147 v0.0.8 - Added WoLF PSORT wrapper to the suite.
148 v0.0.9 - Added our RXLR motifs tool to the suite.
149 v0.1.0 - Added Promoter 2.0 wrapper (similar to SignalP & TMHMM wrappers)
150 - Support Galaxy's <parallelism> tag for SignalP, TMHMM & Promoter
151 v0.1.1 - Fixed an error in the header of the tabular output from Promoter
152 v0.1.2 - Use the new <stdio> settings in the XML wrappers to catch errors
153 - Use SGE style $NSLOTS for thread count (otherwise default to 4)
154 v0.1.3 - Added missing file whisson_et_al_rxlr_eer_cropped.hmm to Tool Shed
155 v0.2.0 - Added PSORTb wrapper to the suite, based on earlier work
156 contributed by Konrad Paszkiewicz.
157 v0.2.1 - Use a script to create the Tool Shed tar-ball (removed some stray
158 files accidentally included previously via a wildcard).
159 v0.2.2 - Include missing test files.
160 v0.2.3 - Added unit tests for WoLF PSORT.
161 v0.2.4 - Added unit tests for Promoter 2
162 v0.2.5 - Link to Tool Shed added to help text and this documentation.
163 - More unit tests.
164 - Fixed bug with RXLR tool and empty FASTA files.
165 - Fixed typo in the RXLR tool help text.

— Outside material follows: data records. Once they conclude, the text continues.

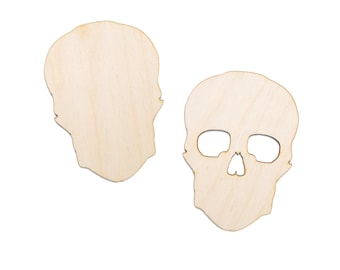 Skull Blank Wood Cutout - Laser Cut Unfinished Craft Shape - Multiple Sizes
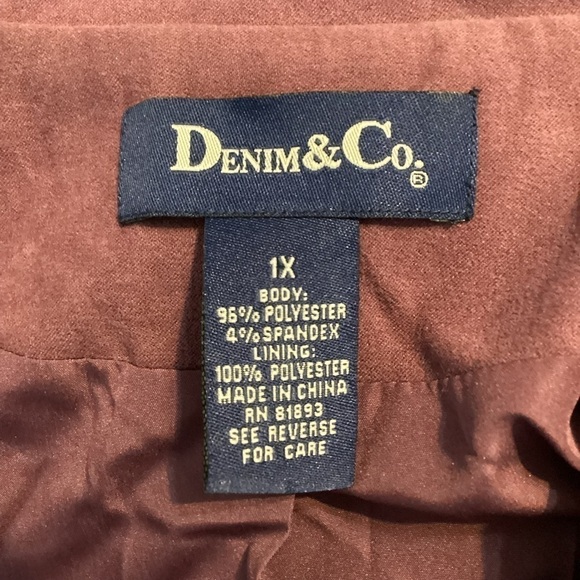 Denim & Co Blazer Size 1X Purple One Button - Picture 6 of 6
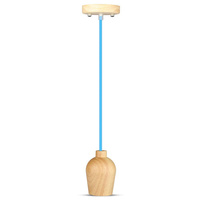 Závěsné svítidlo E27 Dřevěné stínidlo s modrým kabelem VT-7778 V-TAC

166 - Updated citation information (Cock et al. 2013).
167
168
169 Developers
170 ==========
171
172 This script and other tools are being developed on the following hg branch:
173 http://bitbucket.org/peterjc/galaxy-central/src/tools
174
175 This incorporates the previously used hg branch:
176 http://bitbucket.org/peterjc/galaxy-central/src/seq_analysis
177
178 For making the "Galaxy Tool Shed" http://community.g2.bx.psu.edu/ tarball use
179 the following command from the Galaxy root folder:
180
181 $ ./tools/protein_analysis/make_tmhmm_and_signalp.sh
182
183 This simplifies ensuring a consistent set of files is bundled each time,
184 including all the relevant test files.